Adapted from a presentation by Anthony Ozerov for CUMMW 2024. Full notes here.


Overview

  • Before deciding on what methods to use on a problem, decide on what the goal is: description, prediction, or inference?
    • Descriptive statements only concern the data, and nothing outside the data.
    • Predictive statements are about new, unseen observations (ideally similar to what is already observed).
    • Inference involves showing understanding of real-world phenomena outside of the data.
  • Some widely applicable statistical tools include regression, bootstrapping, and Pragmatic Bayesian modeling.

What is statistics for?

Statisticians have three basic tasks:

  • Description – coming up with facts based on the data
  • Prediction – making claims about new or unseen observations
  • Inference – understanding a property of the world, such as a general causal relationship

Progressing from description → prediction → inference means more insights, but also more difficulty and assumptions.

Description

Description reveals what interesting questions can be asked about the dataset and what statistical methods can be used. It often involves no assumptions and no math; often, simply inspecting a graph is enough to guide more interesting questions.

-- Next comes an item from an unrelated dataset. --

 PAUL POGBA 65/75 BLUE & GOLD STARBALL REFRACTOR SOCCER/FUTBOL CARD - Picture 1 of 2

Tools of description include any forms of “exploratory data analysis” that visualize or summarize the data—including graphs (e.g., scatter plots, histograms) and summary statistics (e.g., mean, median, standard deviation)—as well as principal components analysis, which projects data into lower dimensions to reveal information about its structure.

Prediction

Prediction is used for problems where “black box” solutions are enough, and understanding is not required. Confidence intervals are needed to show levels of belief in a prediction.

Tools of prediction include statistical and machine learning models, from regression to neural networks. Note that predictions can be made without statistics as well, such as with physics models.

Inference

Inference makes a claim about the world outside of the data given certain assumptions. The validity of an inferential statement can be assessed with testable predictions.

Sensitivity and stability analyses—varying parts of the model, including estimated parameters and the input variables themselves—show how sensitive the model is to small changes. Sensitivity analyses are also an opportunity to test the model’s robustness to assumptions.

Any trustworthy inference must quantify uncertainty using probabilities (see: Frequentist vs. Bayesian inference).